DATA PROVIDED ->
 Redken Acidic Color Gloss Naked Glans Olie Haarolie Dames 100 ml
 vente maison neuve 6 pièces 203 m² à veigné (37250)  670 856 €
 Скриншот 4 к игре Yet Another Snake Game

---

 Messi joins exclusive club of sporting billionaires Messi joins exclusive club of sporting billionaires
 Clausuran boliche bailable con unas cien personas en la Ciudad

---

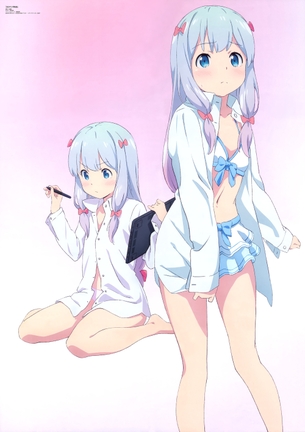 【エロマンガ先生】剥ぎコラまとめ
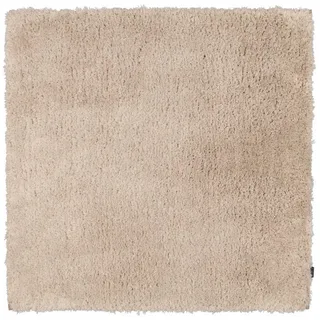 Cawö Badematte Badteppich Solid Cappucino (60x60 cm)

REQUIRED WORK -> Give back exactly the lines of the listing above that run from the line with "vente maison neuve" to the line with "Скриншот 4 к игре Yet Another Snake Game", inclusive.

EXERCISE SOLUTION ->
 vente maison neuve 6 pièces 203 m² à veigné (37250)  670 856 €
 Скриншот 4 к игре Yet Another Snake Game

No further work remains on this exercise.